---------- Information shown ----------

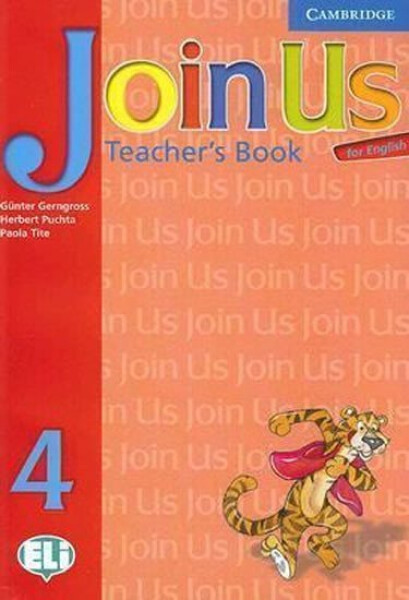 Join Us for English 4 Teachers Book - Günter Gerngross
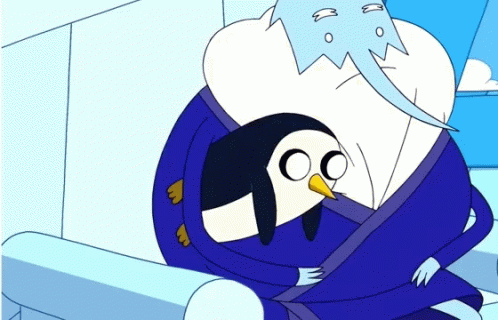 Gunter Pingu GIF - Gunter Pingu Adventure Time GIFs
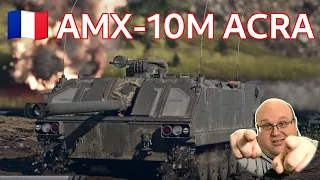 What is this French thing?! ~ 🇫🇷 AMX-10M Devblog [War Thunder Next Major Update]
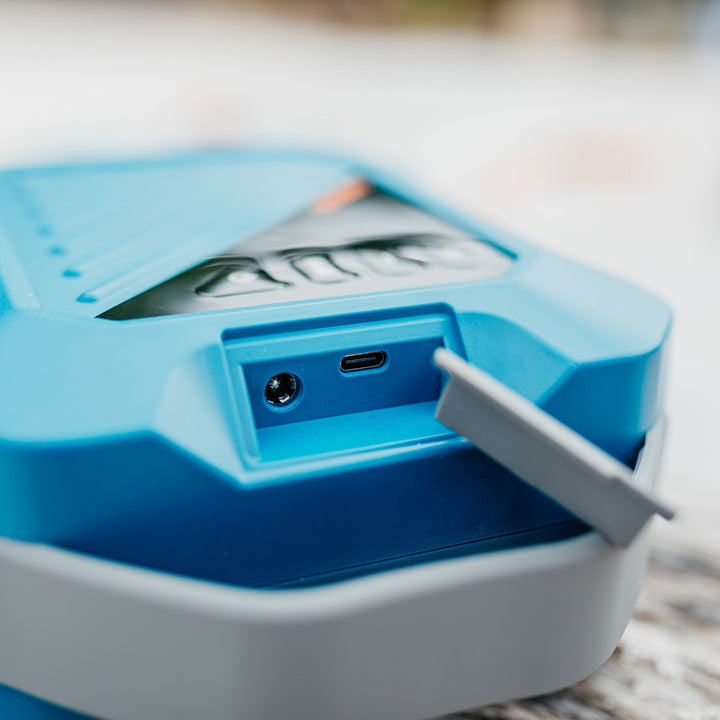 Portable Electric Pump | Battery Powered High-Pressure Air Pump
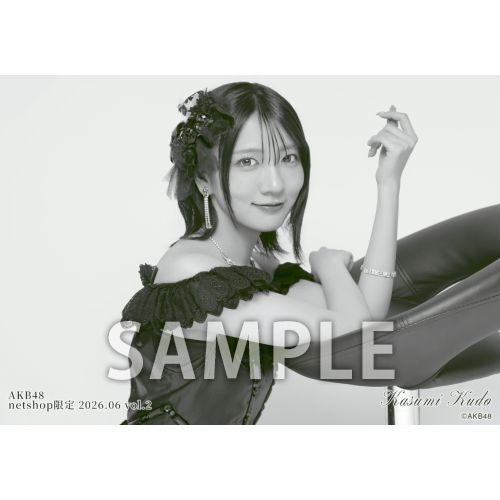 AKB48 月別 October 予約商品】AKB48 2026年6月度 net shop限定個別生写真5枚セットvol.2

----------

Work to be completed =
Extract only the lines from the one that contains "Portable Electric Pump" through the end of the records, inclusive, and omit every picture.

Final answer =
 Portable Electric Pump | Battery Powered High-Pressure Air Pump
 AKB48 月別 October 予約商品】AKB48 2026年6月度 net shop限定個別生写真5枚セットvol.2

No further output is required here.